INSTRUCTIONS TO FOLLOW:
For each entry, repeat the text exactly and omit any picture it holds.

(Data items)
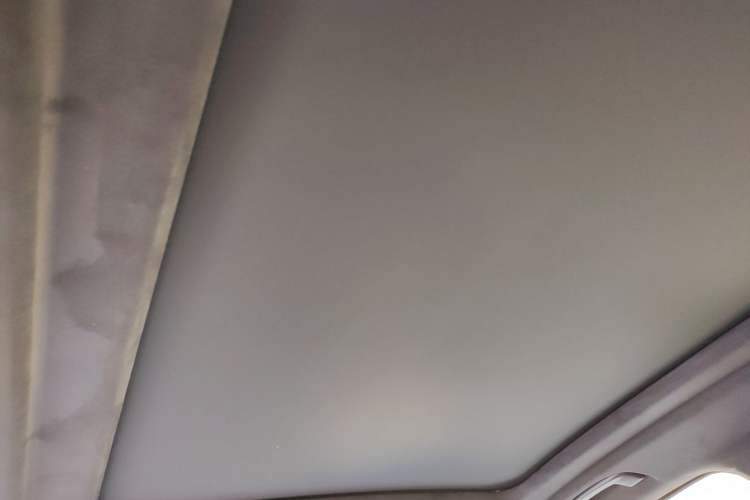 Used BMW X5 2025 Model, xDrive 40Li M Sport Night Package Headliner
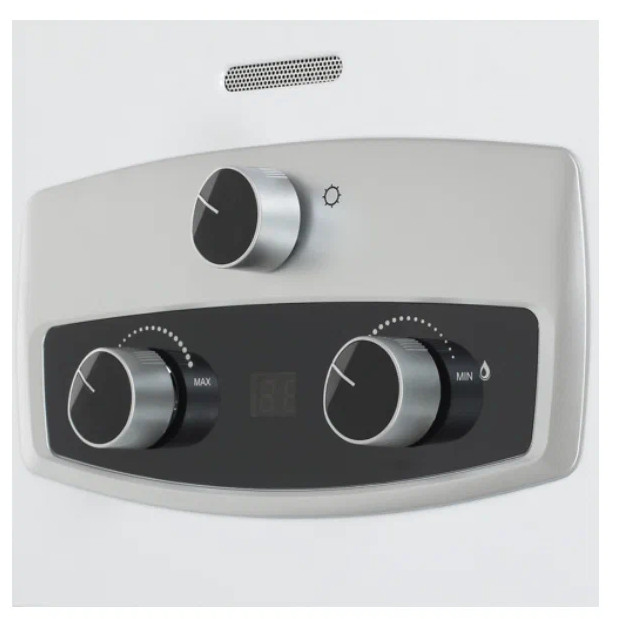 Водонагреватель HAIER IGW 10 B Водонагреватель HAIER IGW 10 B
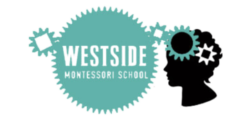 Westside Montessori School Logo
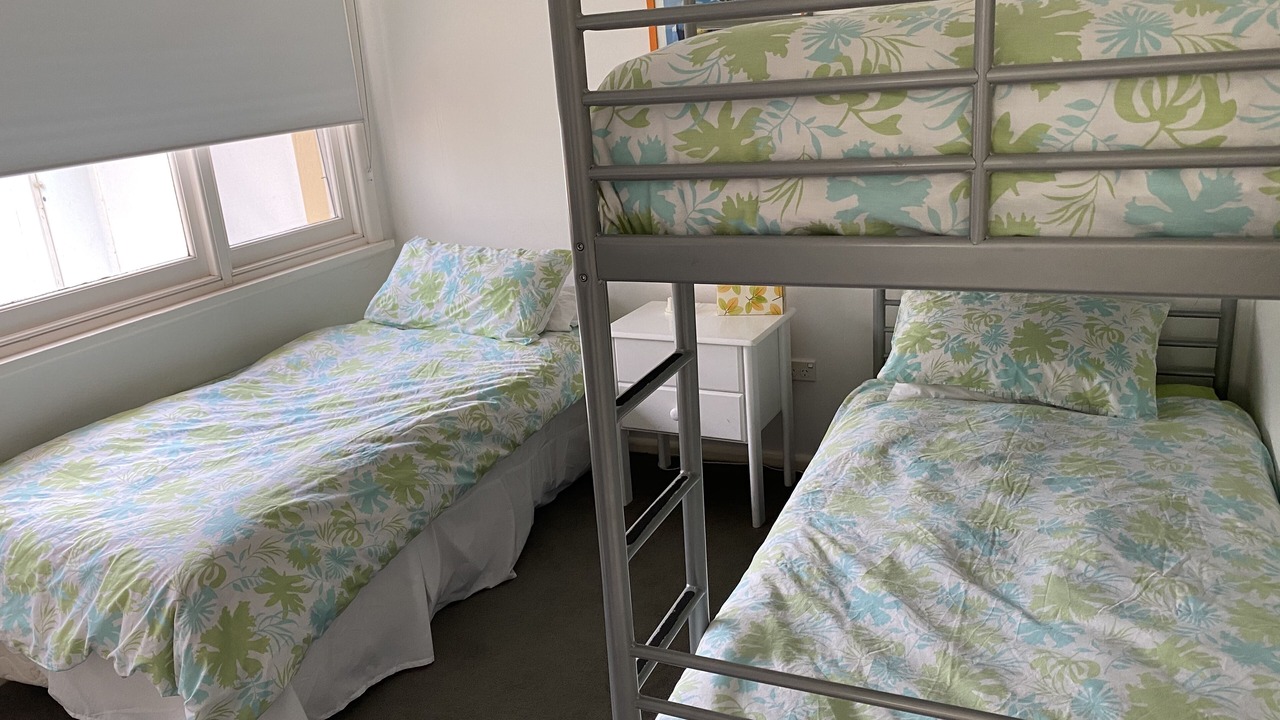 Photo of Bedroom in Sorrento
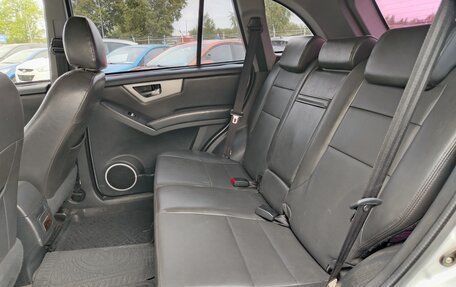 Lifan X60 I рестайлинг, 2013 год, 348 000 рублей, 18 фотография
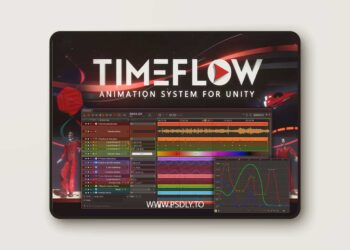 Timeflow Animation System v1.7.13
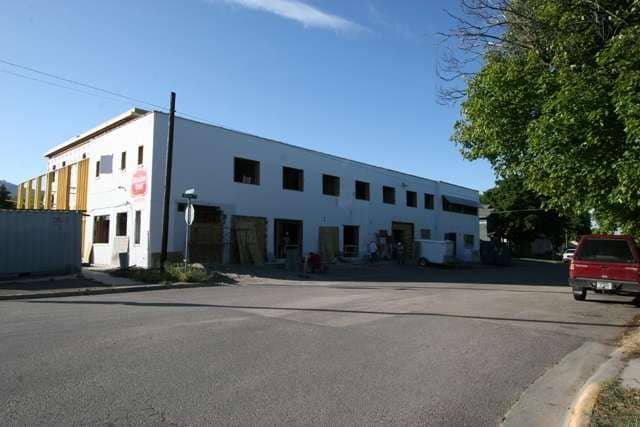 Building Photo - W Spruce Street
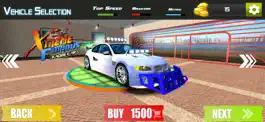 Game screenshot Xtreme Furious Racing Car mod apk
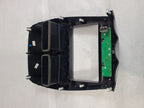 OUTLAN SP 2017 Dash Bezel 611101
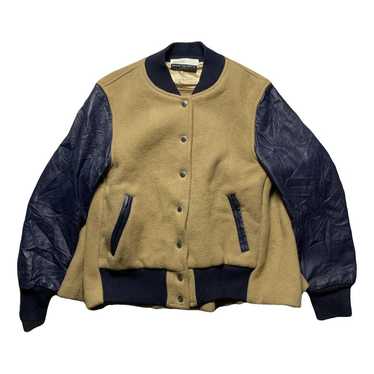 Sacai wool jacket - Gem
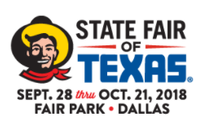 State Fair of Texas -Admission For Two 202//126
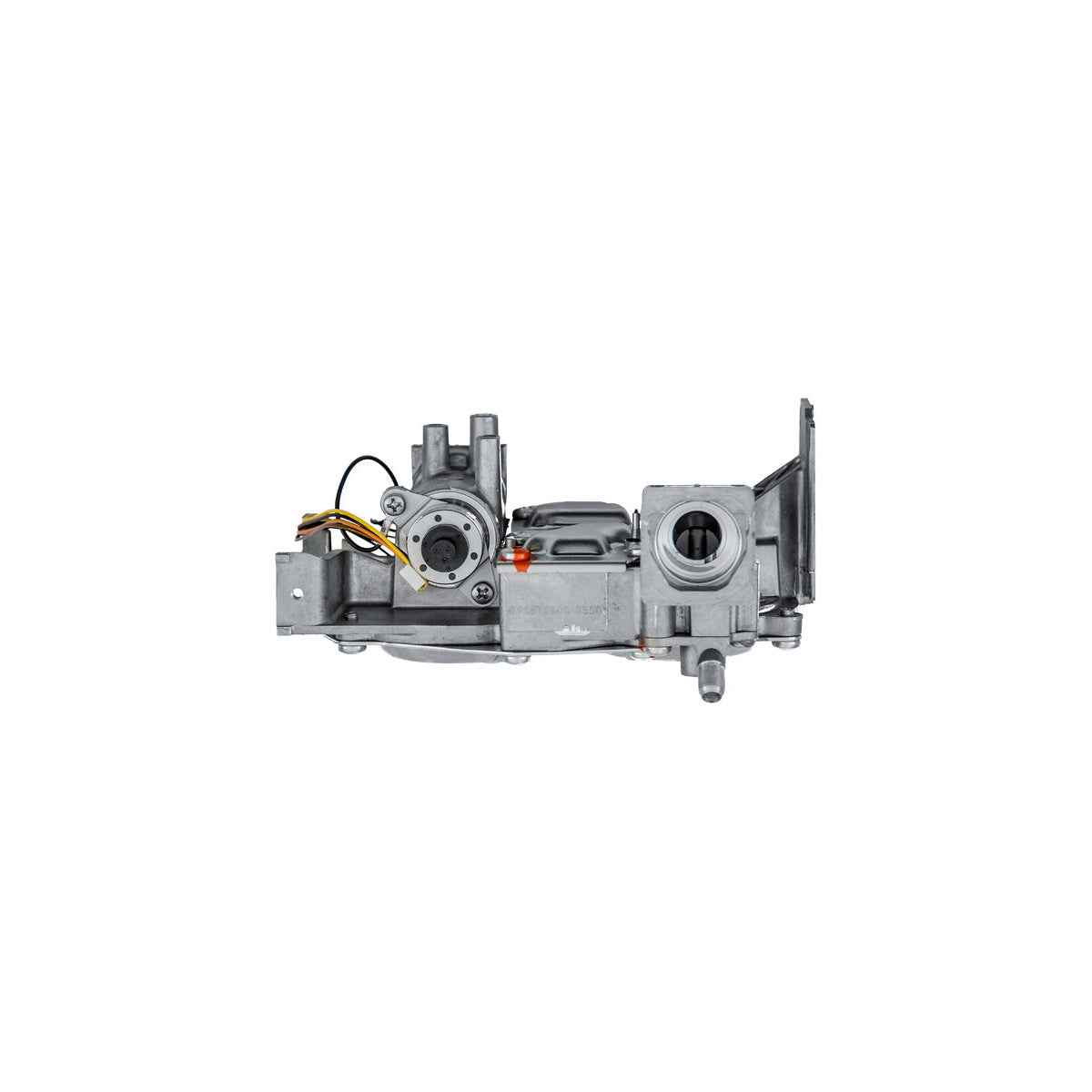 Cuerpo gas calentador JUNKERS | compatible con JUNKERS/BOSCH | Calidad Original | Codigo fabricante 8707021107 | Para modelos WTD11KG31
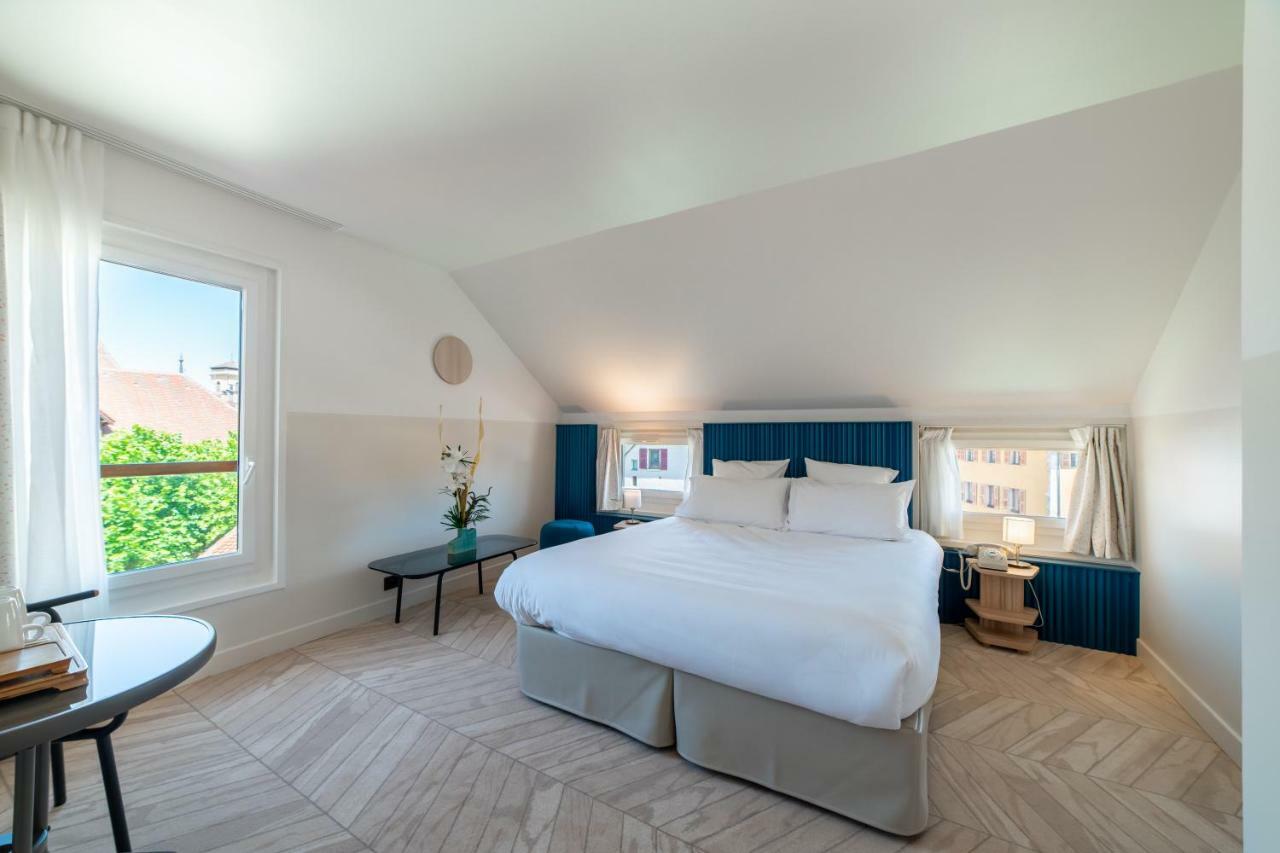 Premium Double Room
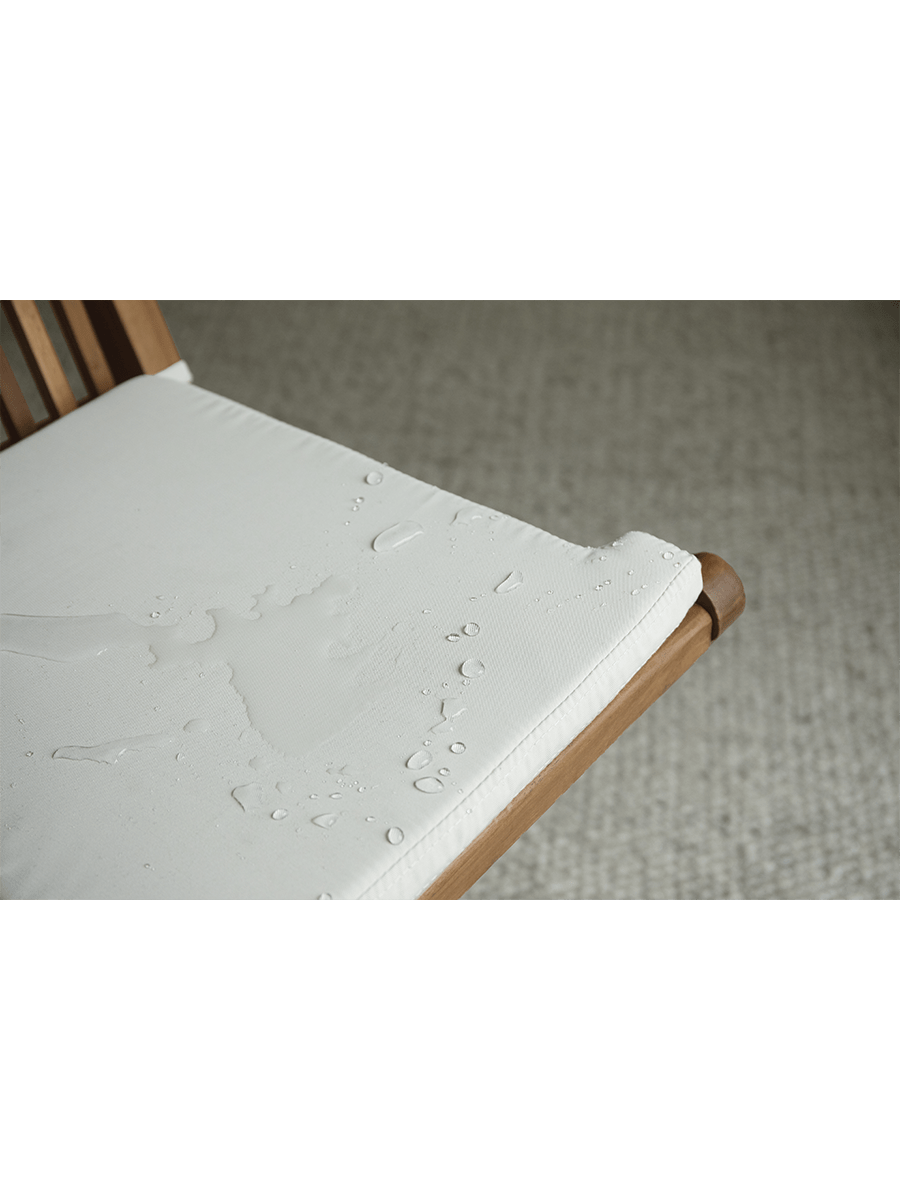 Outdoor Folding Dining Chair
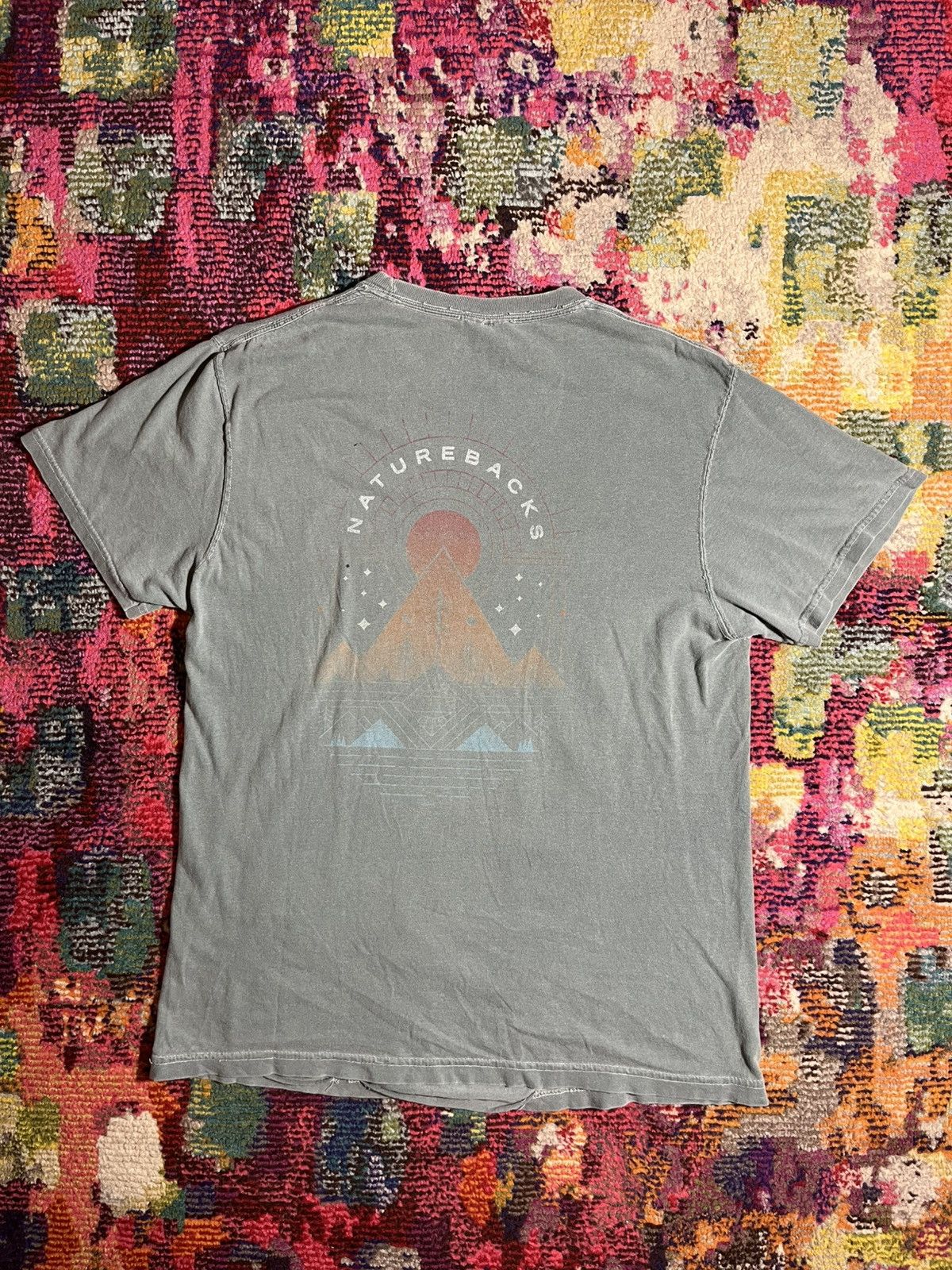Asspizza Babbitt Southpark Medium Size US M / EU 48-50 / 2 - 2 Thumbnail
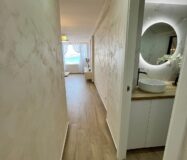 Квартира у моря в Коста-Бланке с террасой и ремонтом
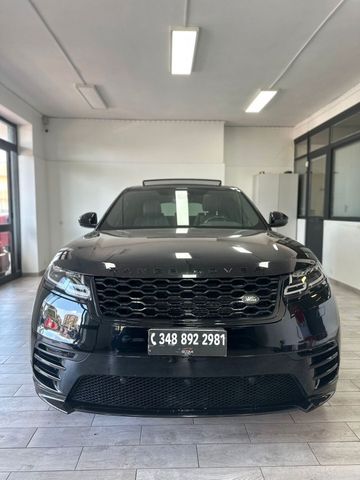 Land Rover Range Rover Velar 2.0D I4 240 CV R-Dynamic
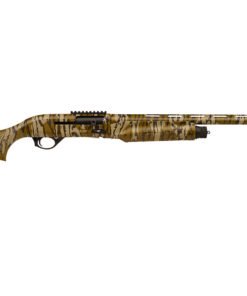 GForce One Turkey 12 Gauge Shotgun with Mossy Oak Bottomland Camo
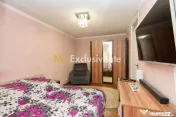 APARTAMENT 3 CAMERE -DECOMANDAT + LOC DE PARCARE - PITEȘTI 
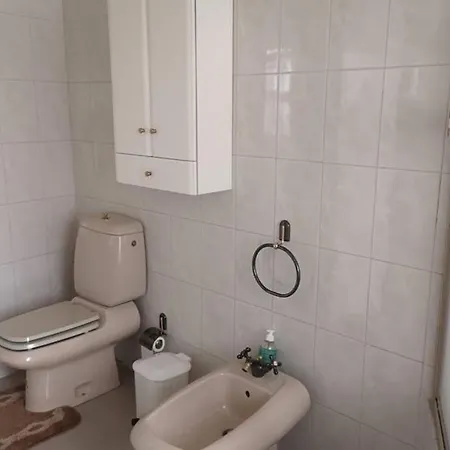 Aveiro's 360º Apartment *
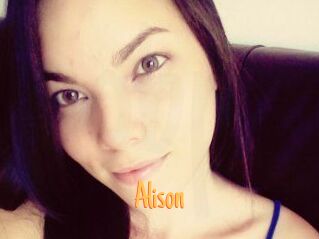 ALISON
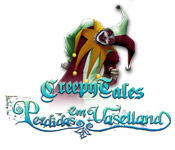 Creepy Tales: Perdidas em Vaselland  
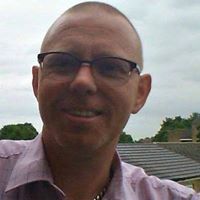 David Richardson Photo 24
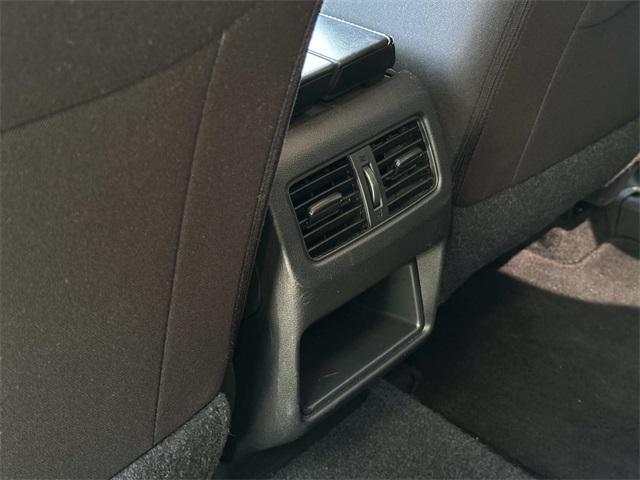 used 2024 Nissan Rogue car, priced at $22,997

EXERCISE RESPONSE:
 Used BMW X5 2025 Model, xDrive 40Li M Sport Night Package Headliner
 Водонагреватель HAIER IGW 10 B Водонагреватель HAIER IGW 10 B
 Westside Montessori School Logo
 Photo of Bedroom in Sorrento
 Lifan X60 I рестайлинг, 2013 год, 348 000 рублей, 18 фотография
 Timeflow Animation System v1.7.13
 Building Photo - W Spruce Street
 Game screenshot Xtreme Furious Racing Car mod apk
 OUTLAN SP 2017 Dash Bezel 611101
 Sacai wool jacket - Gem
 State Fair of Texas -Admission For Two 202//126
 Cuerpo gas calentador JUNKERS | compatible con JUNKERS/BOSCH | Calidad Original | Codigo fabricante 8707021107 | Para modelos WTD11KG31
 Premium Double Room
 Outdoor Folding Dining Chair
Asspizza Babbitt Southpark Medium Size US M / EU 48-50 / 2 - 2 Thumbnail
 Квартира у моря в Коста-Бланке с террасой и ремонтом
 Land Rover Range Rover Velar 2.0D I4 240 CV R-Dynamic
 GForce One Turkey 12 Gauge Shotgun with Mossy Oak Bottomland Camo
 APARTAMENT 3 CAMERE -DECOMANDAT + LOC DE PARCARE - PITEȘTI 
 Aveiro's 360º Apartment *
 ALISON
 Creepy Tales: Perdidas em Vaselland  
 David Richardson Photo 24
 used 2024 Nissan Rogue car, priced at $22,997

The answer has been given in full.